> WHAT YOU NEED TO DO: A faithful transcript of all the lines below, with no pictures, is the goal here.

(Beginning of MATERIAL FOR THE TASK)

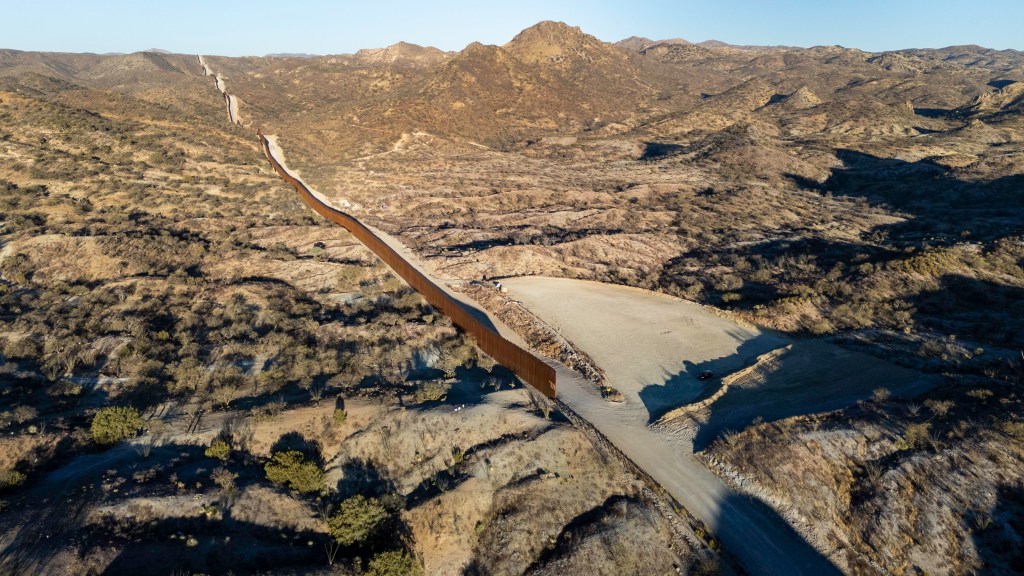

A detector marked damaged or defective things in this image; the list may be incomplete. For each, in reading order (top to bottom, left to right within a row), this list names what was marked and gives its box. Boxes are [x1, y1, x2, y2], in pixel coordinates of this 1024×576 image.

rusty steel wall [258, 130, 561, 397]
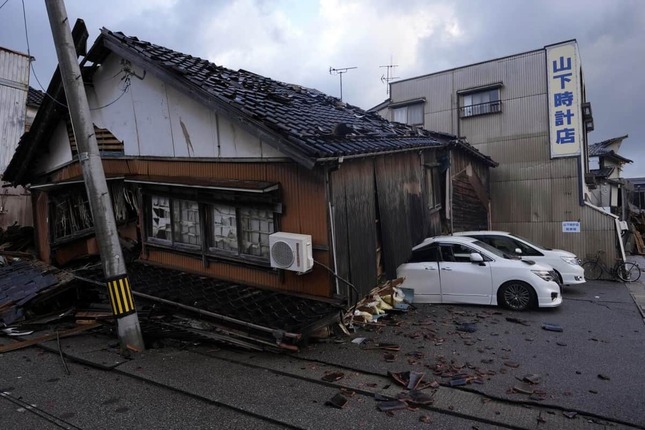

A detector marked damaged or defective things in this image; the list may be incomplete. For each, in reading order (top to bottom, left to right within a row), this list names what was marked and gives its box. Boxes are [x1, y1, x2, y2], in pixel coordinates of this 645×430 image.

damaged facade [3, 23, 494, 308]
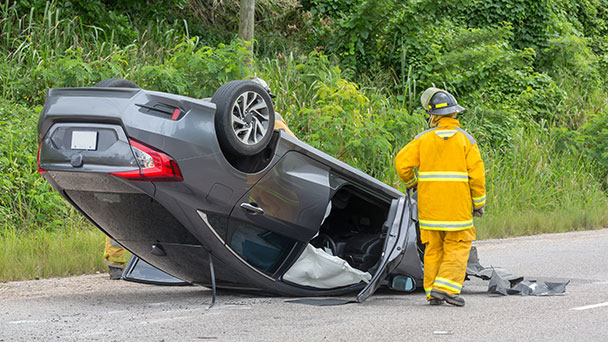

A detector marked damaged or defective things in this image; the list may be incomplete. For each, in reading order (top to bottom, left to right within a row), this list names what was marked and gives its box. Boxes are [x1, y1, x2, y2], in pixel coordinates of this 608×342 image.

(End of MATERIAL FOR THE TASK)

> OUTPUT OF THE EXERCISE:
A detector marked damaged or defective things in this image; the list may be incomplete. For each, in reading order (top to bottom, left to right within a row), this list names what was marked and gives its box. Boxes are [x1, y1, x2, y2], in pixel coordinates of this 1024×576 image.

rusty steel wall [258, 130, 561, 397]

A detector marked damaged or defective things in this image; the list may be incomplete. For each, in reading order (top to bottom, left to right within a row), this list names what was marked and gives its box. Boxes are [x1, y1, x2, y2], in pixel coordinates of this 645×430 image.

damaged facade [3, 23, 494, 308]

A detector marked damaged or defective things in this image; the list may be incomplete. For each, in reading order (top to bottom, left to right within a row), this list names what was marked and gives its box. Boxes are [x1, y1, x2, y2], in pixel coordinates of this 608×342 image.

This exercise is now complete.